The MySpace Series Part X – Advertising
With all of the hype about MySpace perhaps you’ve thought of advertising on the site. We’ve heard some rumors that MySpace is growing so quickly and has so much prime online real estate that they can’t get the premium prices that some less popular web sites do. To find out more, we asked MySpace to send us advertising rate info. Here is what they sent:
Why pick Myspace for advertising? Simple, they are the largest online social networking portal on the web.
- – 71 + million registered users with 41+ million unique visitors (media metrix March 06)
- 2nd largest destination on the web, by page views
- 50.2% male – 49.8% female
- Primary Age Demo: 16-34
- 1.4 million registered bands
- 350,000 + band blogs
- 220,000 + new registrants daily
- 50,000 + groups including fashion, health, wellness & fitness, sports & rec, music, film, TV, etc
- Major music enthusiastic destination where bands/artists like Nine Inch Nails, Coldplay, the Black Eyed Peas and Billy Corgan debut albums and connect with fans
- We reach more men online than ESPN
- We reach more females online than iVillage
Snapshot of our user – Influencers, Trendsetters, Music & Film Buffs, and Gamers. I have included the current pricing below for both targeted and untargeted campaigns and included are all available ad units. All rates are based on a CPM (cost per thousand impressions). Campaign minimums are $3,500.
ROS – Run of Site
- 728×90 – $1.65 (large top banner)
- 300×300 or 300×250 – $3.50 (medium box)

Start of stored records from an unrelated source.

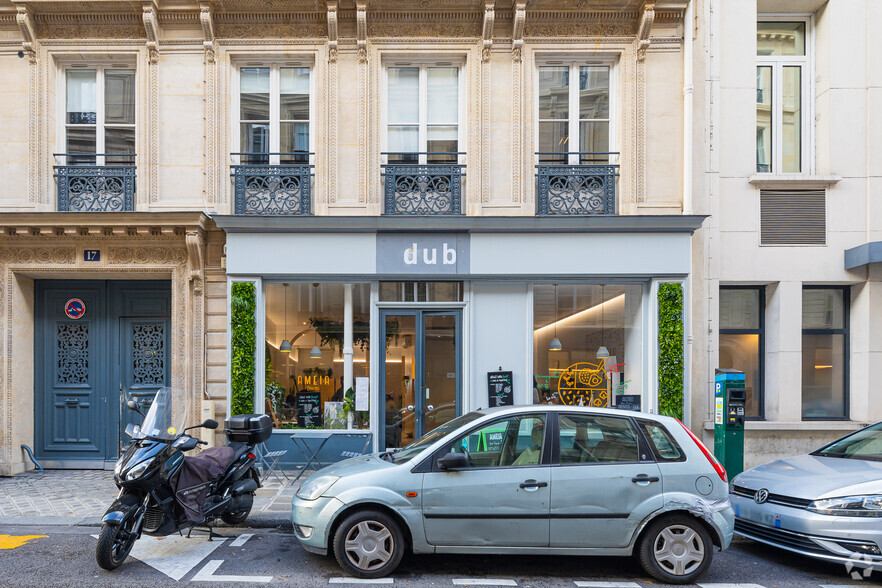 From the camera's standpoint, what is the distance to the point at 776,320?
9508 mm

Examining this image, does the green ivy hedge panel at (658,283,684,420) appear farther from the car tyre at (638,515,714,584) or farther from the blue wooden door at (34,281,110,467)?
the blue wooden door at (34,281,110,467)

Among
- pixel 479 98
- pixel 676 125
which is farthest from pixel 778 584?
pixel 479 98

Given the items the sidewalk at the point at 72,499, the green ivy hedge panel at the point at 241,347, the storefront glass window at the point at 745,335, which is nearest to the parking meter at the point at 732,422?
the storefront glass window at the point at 745,335

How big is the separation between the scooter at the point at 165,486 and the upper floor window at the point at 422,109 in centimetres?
544

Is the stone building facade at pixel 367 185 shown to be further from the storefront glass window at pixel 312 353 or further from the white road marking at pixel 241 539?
the white road marking at pixel 241 539

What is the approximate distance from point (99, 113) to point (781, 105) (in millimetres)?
11186

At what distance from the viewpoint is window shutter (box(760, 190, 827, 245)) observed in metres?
9.47

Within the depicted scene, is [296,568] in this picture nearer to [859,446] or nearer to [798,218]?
[859,446]

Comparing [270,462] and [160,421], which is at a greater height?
[160,421]

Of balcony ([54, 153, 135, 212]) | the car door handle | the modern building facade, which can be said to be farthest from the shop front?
the car door handle

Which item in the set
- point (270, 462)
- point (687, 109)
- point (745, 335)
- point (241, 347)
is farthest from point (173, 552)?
point (687, 109)

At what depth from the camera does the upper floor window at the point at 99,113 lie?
378 inches

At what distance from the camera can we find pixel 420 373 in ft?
30.9

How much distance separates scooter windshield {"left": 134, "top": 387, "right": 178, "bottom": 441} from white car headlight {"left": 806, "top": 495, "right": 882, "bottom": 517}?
19.5 feet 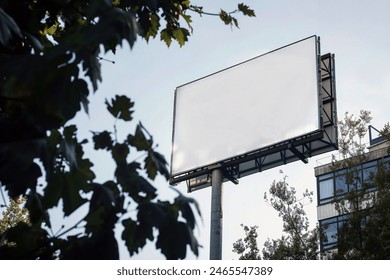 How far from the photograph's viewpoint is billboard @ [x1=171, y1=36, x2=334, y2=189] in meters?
24.4

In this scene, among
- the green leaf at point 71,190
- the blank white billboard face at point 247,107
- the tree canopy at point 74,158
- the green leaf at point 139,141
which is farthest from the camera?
the blank white billboard face at point 247,107

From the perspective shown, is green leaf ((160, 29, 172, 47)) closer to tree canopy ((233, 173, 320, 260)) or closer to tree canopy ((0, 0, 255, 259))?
tree canopy ((0, 0, 255, 259))

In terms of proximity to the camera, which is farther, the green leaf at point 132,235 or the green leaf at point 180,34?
the green leaf at point 180,34

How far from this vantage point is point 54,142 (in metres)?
2.65

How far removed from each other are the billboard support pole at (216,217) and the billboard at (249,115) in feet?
1.50

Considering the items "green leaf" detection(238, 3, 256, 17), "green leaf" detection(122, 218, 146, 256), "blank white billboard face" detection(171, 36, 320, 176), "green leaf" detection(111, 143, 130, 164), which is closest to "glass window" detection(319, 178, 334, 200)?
"blank white billboard face" detection(171, 36, 320, 176)

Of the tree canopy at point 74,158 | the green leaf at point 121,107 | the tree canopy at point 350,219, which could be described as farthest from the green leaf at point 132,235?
the tree canopy at point 350,219

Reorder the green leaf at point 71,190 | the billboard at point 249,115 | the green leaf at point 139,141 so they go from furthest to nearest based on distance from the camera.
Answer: the billboard at point 249,115
the green leaf at point 139,141
the green leaf at point 71,190

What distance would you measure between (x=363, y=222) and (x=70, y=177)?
17.4m

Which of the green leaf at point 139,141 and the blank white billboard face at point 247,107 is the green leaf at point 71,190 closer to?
the green leaf at point 139,141

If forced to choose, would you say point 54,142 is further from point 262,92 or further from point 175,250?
point 262,92

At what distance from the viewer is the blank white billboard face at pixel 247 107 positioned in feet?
Answer: 80.9

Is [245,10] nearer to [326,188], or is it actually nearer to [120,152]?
[120,152] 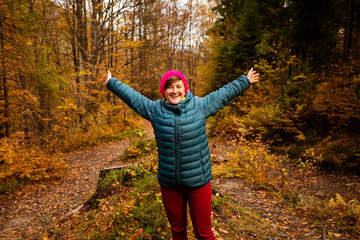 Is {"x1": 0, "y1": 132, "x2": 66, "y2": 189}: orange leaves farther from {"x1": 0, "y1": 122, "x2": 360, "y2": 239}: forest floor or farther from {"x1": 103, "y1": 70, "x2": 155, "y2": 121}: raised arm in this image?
{"x1": 103, "y1": 70, "x2": 155, "y2": 121}: raised arm

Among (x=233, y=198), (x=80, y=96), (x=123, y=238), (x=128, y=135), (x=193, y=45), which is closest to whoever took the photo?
(x=123, y=238)

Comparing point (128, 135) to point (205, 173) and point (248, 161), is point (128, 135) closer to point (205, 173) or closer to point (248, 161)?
point (248, 161)

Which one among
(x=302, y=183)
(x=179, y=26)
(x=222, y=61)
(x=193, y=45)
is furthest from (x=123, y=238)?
(x=193, y=45)

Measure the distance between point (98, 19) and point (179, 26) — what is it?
38.4 ft

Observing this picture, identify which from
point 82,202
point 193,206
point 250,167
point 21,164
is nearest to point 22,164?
point 21,164

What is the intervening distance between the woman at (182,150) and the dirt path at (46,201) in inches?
149

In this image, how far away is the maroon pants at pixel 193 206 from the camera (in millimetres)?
1886

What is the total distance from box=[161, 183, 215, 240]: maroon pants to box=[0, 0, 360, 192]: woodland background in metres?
1.72

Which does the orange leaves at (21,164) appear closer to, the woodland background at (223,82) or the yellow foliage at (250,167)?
the woodland background at (223,82)

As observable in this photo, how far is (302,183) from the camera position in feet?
17.2

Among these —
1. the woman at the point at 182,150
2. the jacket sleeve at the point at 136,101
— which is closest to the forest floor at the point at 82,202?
the woman at the point at 182,150

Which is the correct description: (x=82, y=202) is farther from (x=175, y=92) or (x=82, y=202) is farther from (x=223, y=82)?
(x=223, y=82)

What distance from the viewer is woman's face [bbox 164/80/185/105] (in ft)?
6.28

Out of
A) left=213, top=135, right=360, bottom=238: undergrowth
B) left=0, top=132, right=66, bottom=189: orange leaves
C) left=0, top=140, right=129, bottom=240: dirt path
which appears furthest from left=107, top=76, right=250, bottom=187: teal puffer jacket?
left=0, top=132, right=66, bottom=189: orange leaves
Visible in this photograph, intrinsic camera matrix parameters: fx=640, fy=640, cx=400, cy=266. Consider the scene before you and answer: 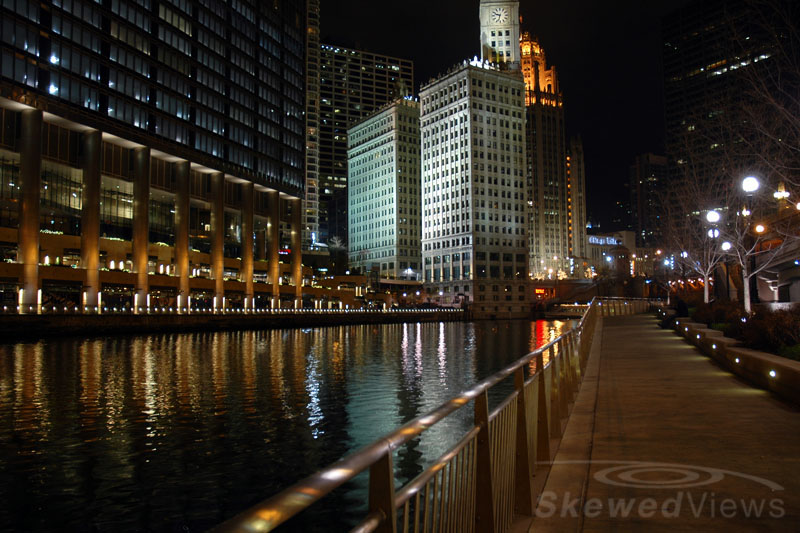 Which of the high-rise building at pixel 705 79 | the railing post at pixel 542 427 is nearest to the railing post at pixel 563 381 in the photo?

- 430×600 – $5.60 (large box)
- 120×600 – $2.10 (vertical banner)
Targeted Price – Targeting can be done by any of the profile features like age, city, gender, etc. Each additional targeting item is $.25.
- 728×90 – $2.15 (large top banner)
- 300×300 or 300×250 – $4.00 (medium box)

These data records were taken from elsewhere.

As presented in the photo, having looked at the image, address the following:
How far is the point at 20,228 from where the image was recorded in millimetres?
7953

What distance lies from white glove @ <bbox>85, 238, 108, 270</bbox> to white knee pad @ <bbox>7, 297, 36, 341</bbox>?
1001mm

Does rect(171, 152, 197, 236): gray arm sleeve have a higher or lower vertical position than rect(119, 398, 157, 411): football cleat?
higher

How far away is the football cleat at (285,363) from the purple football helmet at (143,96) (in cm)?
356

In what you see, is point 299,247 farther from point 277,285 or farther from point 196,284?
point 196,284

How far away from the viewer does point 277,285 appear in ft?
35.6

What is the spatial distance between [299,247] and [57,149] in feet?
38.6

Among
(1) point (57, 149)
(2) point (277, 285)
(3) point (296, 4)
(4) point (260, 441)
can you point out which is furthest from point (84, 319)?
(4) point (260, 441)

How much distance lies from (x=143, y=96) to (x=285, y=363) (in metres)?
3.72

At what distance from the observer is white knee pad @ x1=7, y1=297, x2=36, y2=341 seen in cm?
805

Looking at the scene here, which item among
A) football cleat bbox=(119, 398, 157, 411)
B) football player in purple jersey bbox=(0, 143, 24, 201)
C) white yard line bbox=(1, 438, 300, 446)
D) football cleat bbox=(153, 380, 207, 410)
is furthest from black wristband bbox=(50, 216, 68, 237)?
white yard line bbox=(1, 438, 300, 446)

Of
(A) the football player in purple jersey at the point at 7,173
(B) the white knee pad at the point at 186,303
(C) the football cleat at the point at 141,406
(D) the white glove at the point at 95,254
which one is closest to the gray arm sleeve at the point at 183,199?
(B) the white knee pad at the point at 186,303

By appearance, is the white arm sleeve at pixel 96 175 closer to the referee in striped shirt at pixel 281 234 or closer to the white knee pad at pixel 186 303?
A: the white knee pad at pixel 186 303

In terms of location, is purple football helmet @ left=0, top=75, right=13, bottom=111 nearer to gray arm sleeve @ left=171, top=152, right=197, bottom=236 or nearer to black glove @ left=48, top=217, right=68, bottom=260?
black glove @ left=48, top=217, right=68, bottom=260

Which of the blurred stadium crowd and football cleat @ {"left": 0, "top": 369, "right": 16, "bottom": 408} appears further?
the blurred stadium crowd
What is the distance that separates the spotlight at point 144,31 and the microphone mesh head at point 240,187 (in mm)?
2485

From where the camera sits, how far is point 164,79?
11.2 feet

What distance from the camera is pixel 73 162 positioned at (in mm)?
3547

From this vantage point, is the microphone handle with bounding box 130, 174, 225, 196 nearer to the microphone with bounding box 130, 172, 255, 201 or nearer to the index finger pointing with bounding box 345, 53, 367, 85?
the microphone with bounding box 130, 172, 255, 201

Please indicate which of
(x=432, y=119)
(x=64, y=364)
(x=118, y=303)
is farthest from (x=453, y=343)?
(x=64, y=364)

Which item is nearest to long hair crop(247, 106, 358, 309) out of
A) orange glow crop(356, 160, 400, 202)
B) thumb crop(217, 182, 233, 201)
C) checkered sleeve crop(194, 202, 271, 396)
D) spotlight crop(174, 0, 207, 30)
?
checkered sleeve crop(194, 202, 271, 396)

- 430×600 – $6.10 (large box)
- 120×600 – $2.60 (vertical banner)
Music Section – Music pages and artist pages
- 728×90 – $8.00 (large top banner)
Featured Profile
- $45,000+ (includes profile creation or remodeling & customized ad campaign)
- Campaigns start at $3,500. Here is an example of how the pricing works. If you wanted to run an entry campaign size of $3,500 worth of medium box ads (300×300) you would get 1,000,000 impressions/views ($3,500/$3.50 x 1,000). We would look to spread out your delivery evenly across the time frame you have specified (i.e. 20 days). So for this example, you would get a little more than 50,000 impressions per day. Myspace serves several hundred million impressions each day so it is necessary to have sufficient impression delivery for each campaign, thus why minimums and such.

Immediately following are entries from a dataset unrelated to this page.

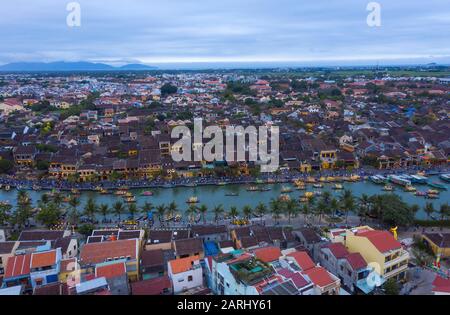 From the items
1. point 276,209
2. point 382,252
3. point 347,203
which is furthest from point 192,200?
point 382,252

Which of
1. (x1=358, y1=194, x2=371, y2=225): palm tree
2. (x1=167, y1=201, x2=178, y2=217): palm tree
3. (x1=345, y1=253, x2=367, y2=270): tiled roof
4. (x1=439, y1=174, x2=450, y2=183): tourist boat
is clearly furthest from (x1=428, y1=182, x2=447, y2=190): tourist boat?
(x1=167, y1=201, x2=178, y2=217): palm tree

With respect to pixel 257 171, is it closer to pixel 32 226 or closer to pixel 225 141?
pixel 225 141

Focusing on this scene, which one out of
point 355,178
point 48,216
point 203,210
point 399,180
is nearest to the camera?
point 48,216

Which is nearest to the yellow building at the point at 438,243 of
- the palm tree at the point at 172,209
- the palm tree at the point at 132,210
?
the palm tree at the point at 172,209

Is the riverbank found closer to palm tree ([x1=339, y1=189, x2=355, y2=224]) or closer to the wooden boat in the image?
the wooden boat

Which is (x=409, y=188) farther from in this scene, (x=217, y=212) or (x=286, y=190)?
(x=217, y=212) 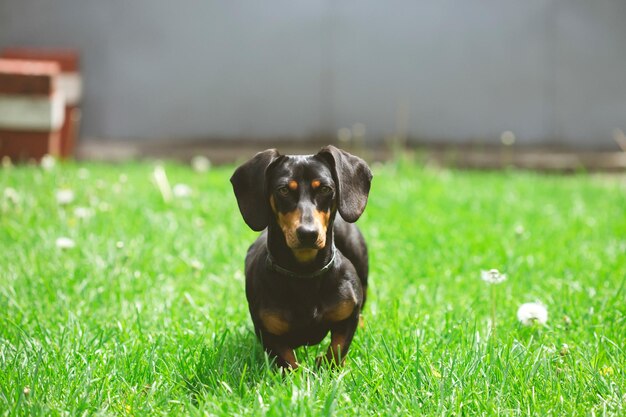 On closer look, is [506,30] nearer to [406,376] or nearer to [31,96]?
[31,96]

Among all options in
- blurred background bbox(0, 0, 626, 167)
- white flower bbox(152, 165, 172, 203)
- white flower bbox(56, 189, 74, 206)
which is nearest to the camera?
white flower bbox(56, 189, 74, 206)

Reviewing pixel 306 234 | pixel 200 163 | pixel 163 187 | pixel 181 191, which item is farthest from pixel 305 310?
pixel 200 163

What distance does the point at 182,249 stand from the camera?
3.63 m

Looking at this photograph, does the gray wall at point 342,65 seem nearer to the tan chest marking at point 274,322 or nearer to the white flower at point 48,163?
the white flower at point 48,163

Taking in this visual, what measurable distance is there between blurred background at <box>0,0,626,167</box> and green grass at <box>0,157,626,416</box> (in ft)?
8.29

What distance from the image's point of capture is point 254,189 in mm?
2176

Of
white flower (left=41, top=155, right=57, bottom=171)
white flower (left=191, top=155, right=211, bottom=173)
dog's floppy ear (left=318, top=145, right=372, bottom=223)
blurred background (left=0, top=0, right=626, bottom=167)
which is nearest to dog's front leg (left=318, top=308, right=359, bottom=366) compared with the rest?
dog's floppy ear (left=318, top=145, right=372, bottom=223)

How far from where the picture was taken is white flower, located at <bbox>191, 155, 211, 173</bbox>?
6.02 meters

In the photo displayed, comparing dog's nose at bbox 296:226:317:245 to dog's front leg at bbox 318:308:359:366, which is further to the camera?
dog's front leg at bbox 318:308:359:366

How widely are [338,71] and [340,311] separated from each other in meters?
5.66

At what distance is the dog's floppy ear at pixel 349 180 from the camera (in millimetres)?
2148

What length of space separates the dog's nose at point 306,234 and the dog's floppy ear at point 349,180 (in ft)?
0.65

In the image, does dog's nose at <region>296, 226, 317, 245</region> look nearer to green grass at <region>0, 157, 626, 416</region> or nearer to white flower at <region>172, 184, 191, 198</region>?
green grass at <region>0, 157, 626, 416</region>

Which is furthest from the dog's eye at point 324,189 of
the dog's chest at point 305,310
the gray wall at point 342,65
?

Very interesting piece. $45000 is a pretty big sum. I’m curious to know how long those featured profiles stay up?
I was searching for info for weeks. I’m amazed to see the 45K tag to the featured profile. I guess, answering to your question rob, maye the featured profiles stays up will the campaign reaches the desired impressions.
Okay lets review the absolute IDIOCY of the myspace marketing approach… the thing that makes MySpace unique is that it collects ultra specific demographic info about each of its users to taylor every users page like a psychological profile. And how do the geniouses at MySpace use that profile? They only run big-budget national advertising campaigns on the pages. WTF? Why did you bother collecting all that regional specific info if the only people who can afford to advertise are big generic corporations who don’t give a crap about local demographics?
Google already learned this lesson with AdWords… if you have the ability to target the users specific region and lifestyle, use that to your advantage! Run ads about the brand new donut shop down the street who only has 100 bucks to spend for advertising but want to run that ad on all the users who put “Law Enforcement” as their profession in the surrounding 5 zip codes. That’s the way you make MySpace a powerful advertising engine. The ability to place local targeted ads at any budget you can afford is what took googles profits from 800M a year to 10.3B a year. AdWords is a brilliant example of what MySpace could and should be. They need only make advertising available to the masses.